* _Task to complete_
Could you set down exactly the lines of the data below, starting at the one that holds "Elin Nordegren: Life After Scandal" and ending at the one that holds "DIVINE JUMPSUIT - Nookie", both included, and only those?
(Material provided Opens)
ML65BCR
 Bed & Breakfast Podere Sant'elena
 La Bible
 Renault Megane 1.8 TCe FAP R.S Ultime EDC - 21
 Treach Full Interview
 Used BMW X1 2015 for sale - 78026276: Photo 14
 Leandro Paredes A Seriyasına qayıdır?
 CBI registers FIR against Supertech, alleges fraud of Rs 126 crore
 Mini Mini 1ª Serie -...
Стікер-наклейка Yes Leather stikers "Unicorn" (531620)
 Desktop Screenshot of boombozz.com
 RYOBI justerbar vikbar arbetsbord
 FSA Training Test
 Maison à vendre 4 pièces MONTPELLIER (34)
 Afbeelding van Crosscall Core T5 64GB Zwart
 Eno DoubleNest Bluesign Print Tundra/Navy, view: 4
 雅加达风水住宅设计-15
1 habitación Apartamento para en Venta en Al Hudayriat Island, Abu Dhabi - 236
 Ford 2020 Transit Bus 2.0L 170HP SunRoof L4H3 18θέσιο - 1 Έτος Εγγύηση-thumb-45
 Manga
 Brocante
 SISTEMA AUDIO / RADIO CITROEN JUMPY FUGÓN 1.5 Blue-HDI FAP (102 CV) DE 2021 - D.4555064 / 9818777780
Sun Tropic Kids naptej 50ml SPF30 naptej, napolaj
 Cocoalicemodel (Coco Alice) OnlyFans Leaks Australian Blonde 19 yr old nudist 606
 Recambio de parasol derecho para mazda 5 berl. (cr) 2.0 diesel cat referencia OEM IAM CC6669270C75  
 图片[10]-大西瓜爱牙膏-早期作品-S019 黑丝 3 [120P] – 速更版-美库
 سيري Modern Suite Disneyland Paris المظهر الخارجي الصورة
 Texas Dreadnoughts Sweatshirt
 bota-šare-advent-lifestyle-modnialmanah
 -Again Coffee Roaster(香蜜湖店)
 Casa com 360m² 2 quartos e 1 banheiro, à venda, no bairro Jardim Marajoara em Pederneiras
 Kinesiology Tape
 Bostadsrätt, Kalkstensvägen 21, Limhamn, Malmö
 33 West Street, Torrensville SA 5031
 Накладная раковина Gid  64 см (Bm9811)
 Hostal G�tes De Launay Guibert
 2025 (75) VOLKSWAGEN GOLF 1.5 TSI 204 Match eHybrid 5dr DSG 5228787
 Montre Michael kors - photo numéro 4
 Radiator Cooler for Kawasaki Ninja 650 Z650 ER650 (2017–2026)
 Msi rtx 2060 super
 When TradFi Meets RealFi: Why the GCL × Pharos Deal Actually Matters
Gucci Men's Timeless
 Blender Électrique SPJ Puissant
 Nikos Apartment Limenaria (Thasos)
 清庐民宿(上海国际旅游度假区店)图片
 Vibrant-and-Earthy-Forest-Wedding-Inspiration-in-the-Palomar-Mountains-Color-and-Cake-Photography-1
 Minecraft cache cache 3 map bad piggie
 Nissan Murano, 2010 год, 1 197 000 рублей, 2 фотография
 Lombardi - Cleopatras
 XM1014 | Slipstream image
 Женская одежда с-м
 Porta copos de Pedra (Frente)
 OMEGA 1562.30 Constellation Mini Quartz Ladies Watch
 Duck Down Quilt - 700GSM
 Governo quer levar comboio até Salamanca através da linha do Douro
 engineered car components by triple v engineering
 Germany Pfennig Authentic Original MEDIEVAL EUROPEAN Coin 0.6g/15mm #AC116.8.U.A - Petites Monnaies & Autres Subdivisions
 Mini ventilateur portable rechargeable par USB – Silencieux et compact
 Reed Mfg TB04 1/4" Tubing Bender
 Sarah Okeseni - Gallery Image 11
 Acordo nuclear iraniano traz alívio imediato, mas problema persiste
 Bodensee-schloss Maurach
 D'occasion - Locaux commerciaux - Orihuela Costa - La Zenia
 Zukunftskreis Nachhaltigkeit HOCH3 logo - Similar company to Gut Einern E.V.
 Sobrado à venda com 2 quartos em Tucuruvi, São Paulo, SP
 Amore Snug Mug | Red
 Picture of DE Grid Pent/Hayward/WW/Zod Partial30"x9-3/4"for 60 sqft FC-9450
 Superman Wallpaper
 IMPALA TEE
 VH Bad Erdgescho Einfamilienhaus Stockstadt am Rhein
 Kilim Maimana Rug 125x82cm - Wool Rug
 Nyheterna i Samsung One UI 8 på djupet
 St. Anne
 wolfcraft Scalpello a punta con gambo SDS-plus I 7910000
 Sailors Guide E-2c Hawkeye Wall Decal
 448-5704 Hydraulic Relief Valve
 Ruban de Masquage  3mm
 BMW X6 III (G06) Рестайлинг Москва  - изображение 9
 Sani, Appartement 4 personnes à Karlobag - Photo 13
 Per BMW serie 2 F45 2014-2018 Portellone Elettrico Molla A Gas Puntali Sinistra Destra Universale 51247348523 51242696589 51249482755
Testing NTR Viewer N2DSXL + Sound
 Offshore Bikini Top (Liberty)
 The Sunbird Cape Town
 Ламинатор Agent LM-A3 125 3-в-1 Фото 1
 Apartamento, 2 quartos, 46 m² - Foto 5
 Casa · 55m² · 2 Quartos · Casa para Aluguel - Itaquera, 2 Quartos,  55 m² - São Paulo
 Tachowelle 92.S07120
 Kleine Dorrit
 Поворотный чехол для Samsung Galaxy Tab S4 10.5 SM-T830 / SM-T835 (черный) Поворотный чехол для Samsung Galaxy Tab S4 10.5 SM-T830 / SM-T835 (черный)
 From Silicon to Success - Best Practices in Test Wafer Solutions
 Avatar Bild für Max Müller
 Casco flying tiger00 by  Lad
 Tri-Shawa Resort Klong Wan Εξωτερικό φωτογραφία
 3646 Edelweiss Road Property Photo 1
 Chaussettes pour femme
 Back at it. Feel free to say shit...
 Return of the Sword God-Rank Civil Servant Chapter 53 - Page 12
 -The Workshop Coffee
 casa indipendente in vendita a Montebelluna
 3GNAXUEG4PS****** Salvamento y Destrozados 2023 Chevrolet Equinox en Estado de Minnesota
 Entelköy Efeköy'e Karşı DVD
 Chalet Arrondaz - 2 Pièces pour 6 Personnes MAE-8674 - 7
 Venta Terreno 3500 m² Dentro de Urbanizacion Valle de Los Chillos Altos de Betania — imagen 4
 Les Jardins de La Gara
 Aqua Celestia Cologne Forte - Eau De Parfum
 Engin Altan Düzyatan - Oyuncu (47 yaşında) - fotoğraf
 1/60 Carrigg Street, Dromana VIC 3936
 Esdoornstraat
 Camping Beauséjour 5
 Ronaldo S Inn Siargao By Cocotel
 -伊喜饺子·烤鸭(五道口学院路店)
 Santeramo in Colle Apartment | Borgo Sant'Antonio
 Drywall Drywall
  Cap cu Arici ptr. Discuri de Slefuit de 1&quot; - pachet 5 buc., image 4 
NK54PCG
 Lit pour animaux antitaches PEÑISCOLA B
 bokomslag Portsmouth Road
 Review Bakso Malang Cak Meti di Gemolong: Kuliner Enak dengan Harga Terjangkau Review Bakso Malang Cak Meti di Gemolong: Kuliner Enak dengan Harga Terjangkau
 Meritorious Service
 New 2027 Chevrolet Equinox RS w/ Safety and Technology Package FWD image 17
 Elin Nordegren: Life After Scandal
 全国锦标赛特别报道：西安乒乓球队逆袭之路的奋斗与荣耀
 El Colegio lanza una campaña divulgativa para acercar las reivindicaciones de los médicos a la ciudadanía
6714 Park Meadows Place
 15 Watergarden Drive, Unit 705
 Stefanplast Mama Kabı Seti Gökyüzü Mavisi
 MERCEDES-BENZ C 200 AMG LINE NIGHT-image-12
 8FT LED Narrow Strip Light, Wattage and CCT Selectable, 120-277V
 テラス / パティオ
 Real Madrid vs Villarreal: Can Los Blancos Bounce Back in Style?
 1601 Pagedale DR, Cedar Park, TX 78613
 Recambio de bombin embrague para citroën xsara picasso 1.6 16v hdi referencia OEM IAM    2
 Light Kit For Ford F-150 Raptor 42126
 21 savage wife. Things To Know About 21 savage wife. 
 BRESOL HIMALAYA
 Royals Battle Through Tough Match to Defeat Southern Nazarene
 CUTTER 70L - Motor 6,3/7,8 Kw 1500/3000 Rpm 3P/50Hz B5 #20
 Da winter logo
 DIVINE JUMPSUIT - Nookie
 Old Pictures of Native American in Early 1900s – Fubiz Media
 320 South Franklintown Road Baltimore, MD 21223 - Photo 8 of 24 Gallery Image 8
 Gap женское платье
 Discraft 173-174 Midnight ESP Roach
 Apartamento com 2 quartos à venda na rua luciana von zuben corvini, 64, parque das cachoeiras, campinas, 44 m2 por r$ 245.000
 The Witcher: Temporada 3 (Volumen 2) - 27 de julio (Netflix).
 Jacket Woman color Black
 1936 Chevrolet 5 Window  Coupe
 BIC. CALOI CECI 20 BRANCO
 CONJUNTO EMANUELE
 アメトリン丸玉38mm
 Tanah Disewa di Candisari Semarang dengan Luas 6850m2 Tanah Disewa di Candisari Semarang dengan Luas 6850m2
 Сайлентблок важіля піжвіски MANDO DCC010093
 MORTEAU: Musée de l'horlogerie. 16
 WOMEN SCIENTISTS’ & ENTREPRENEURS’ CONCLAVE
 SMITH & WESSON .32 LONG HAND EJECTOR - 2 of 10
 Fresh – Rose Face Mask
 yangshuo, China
(Material provided Closes)
* _Solution to this task_
 Elin Nordegren: Life After Scandal
 全国锦标赛特别报道：西安乒乓球队逆袭之路的奋斗与荣耀
 El Colegio lanza una campaña divulgativa para acercar las reivindicaciones de los médicos a la ciudadanía
6714 Park Meadows Place
 15 Watergarden Drive, Unit 705
 Stefanplast Mama Kabı Seti Gökyüzü Mavisi
 MERCEDES-BENZ C 200 AMG LINE NIGHT-image-12
 8FT LED Narrow Strip Light, Wattage and CCT Selectable, 120-277V
 テラス / パティオ
 Real Madrid vs Villarreal: Can Los Blancos Bounce Back in Style?
 1601 Pagedale DR, Cedar Park, TX 78613
 Recambio de bombin embrague para citroën xsara picasso 1.6 16v hdi referencia OEM IAM    2
 Light Kit For Ford F-150 Raptor 42126
 21 savage wife. Things To Know About 21 savage wife. 
 BRESOL HIMALAYA
 Royals Battle Through Tough Match to Defeat Southern Nazarene
 CUTTER 70L - Motor 6,3/7,8 Kw 1500/3000 Rpm 3P/50Hz B5 #20
 Da winter logo
 DIVINE JUMPSUIT - Nookie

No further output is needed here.